Co-Investigator is Dr. Stephen Gasteyer (pictured left). The proposal was awarded an ELRHA grant this spring. Work began June 15.

Drs. Nawyn and Gasteyer are collaborating with non-governmental agencies (NGOs) that assist refugees in Turkey, Lebanon and Jordan to collect data from field staff who are providing services. The information will inform them of the specific barriers that the humanitarian workers face in limiting the infection spread among refugee populations.

By using the principles of humanitarian engineering, Nawyn and Gasteyer hope to “provide recommended best practices that will slow the spread of SARS-CoV-2 during refugee humanitarian interventions.”

Their NGO partners include: Altkaful Charity Association (Jordan); Amel Association (Lebanon); Jordanian Pioneering Center (Jordan); National Institution of Social Care and Vocational Training (Lebanon); and Safa for Development (Turkey)

Many of these refugee communities were in part created by the war in Syria and include more than 5.6 million people in the three countries bordering Syria. Not only are their daily living conditions risk factors for the coronavirus pandemic, they are also suffering from economic ravages of their host countries.

As jobs evaporate in Lebanon, for instance, tolerance of the refugee Syrians is falling. Fewer employers will hire Syrians at the same time as prices of basic needs rises.  Food and basic hygiene products have become scarce. Many face death from starvation as well as the threat of COVID-19. Refugees in most places do not qualify for government assistance and rely on the aide from NGOs.

In some areas, NGOs are able to separate tents and manage access to water and personal protection equipment, Dr.
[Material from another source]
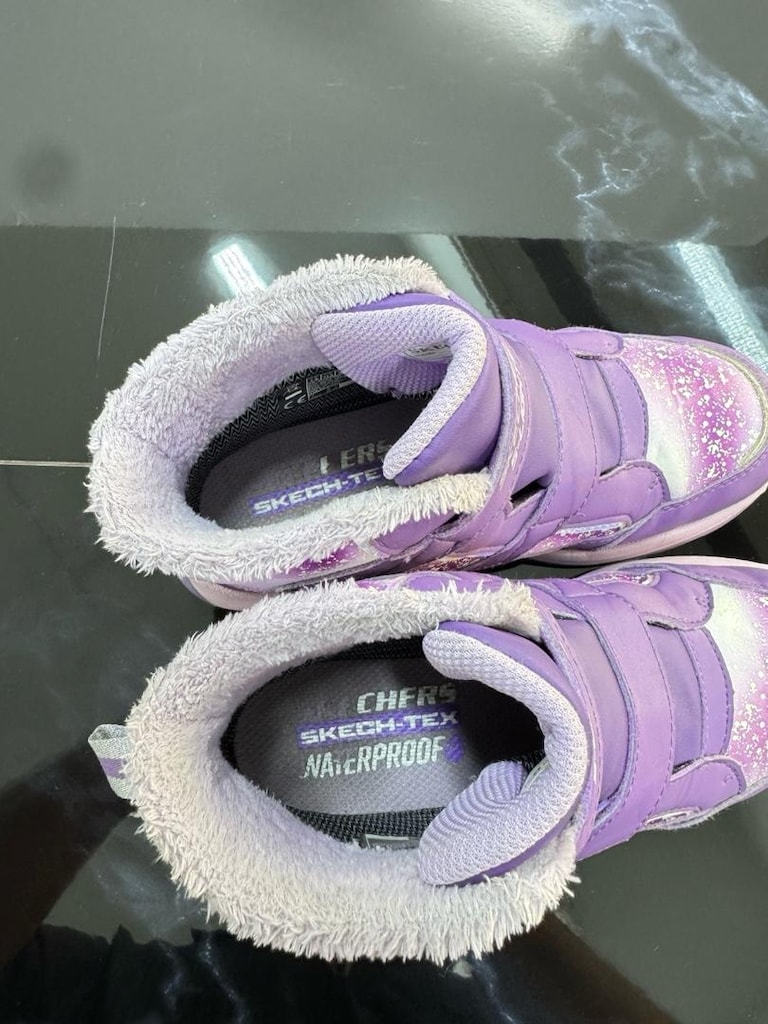 Orijinal SKECHERS waterproof 33 numara - 10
Nawyn said. Some actually have better resources than places in the U.S.  But once an infection sets in, controlling it would be problematic.
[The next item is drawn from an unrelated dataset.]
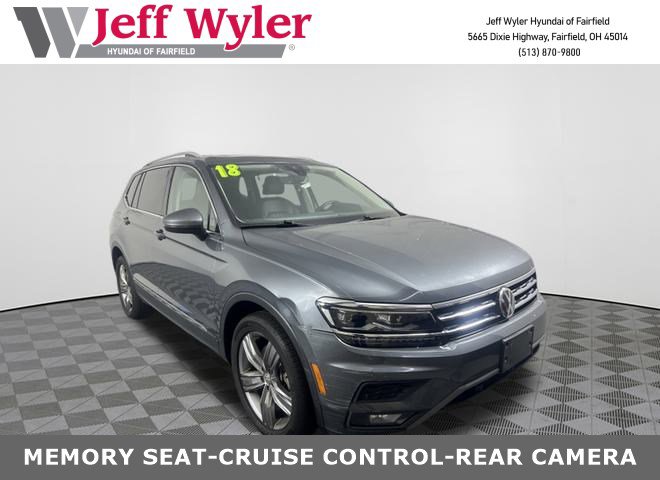 2018 Volkswagen Tiguan SEL Premium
“Some NGOs have more resources, some have very little. But all are very concerned about the risk and the political implications of COVID,” she said.

Dr. Nawyn has worked with many of these NGOs in Turkey while Dr. Gasteyer has extensive experience working with Palestinian refugees.

The funding agency ELRHA, based in the United Kingdom, received 465 proposals as a result of their urgent Responsive Funding Call in March. They selected 15 new humanitarian health research studies including the proposal by Drs. Nawyn and Gasteyer.

“As COVID-19 began to spread around the world, the humanitarian community worked to respond to the impact the pandemic would have on those already affected by crises, and the most vulnerable communities. Having the experience of funding rapid research to support the Ebola outbreaks in both West Africa and DRC, we knew we could play a vital role in supporting the response, equipping practitioners with knowledge and evidence of what works,” ELRHA wrote.

“The selected studies cover a diverse range of relevant topics including behaviour change, communications and messaging, as well as gender-based violence (GBV) programming questions linked to COVID-19. Nine of the studies fall into the broad category of social science research investigating refugees and their understanding of COVID-19. Collectively, these studies will contribute to a strong body of evidence on COVID-19.”

In addition to her role as Associate Professor of Sociology, Dr. Nawyn is Co-Director for Academic Programs at the Center for Gender in Global Context. Her work has primarily focused on refugee resettlement and protection. She was a 2013-14 Fulbright Scholar at the Women’s Research Center at Istandbul University.

Dr. Gasteyer is Associate Professor of Sociology whose research focuses on community development, environmental justice and the political ecology of landscape change, with specific attention to food, energy, water, and public health. He was a 2015-16 Fulbright Scholar at Birzeit University, and lived in Ramallah, Palestine.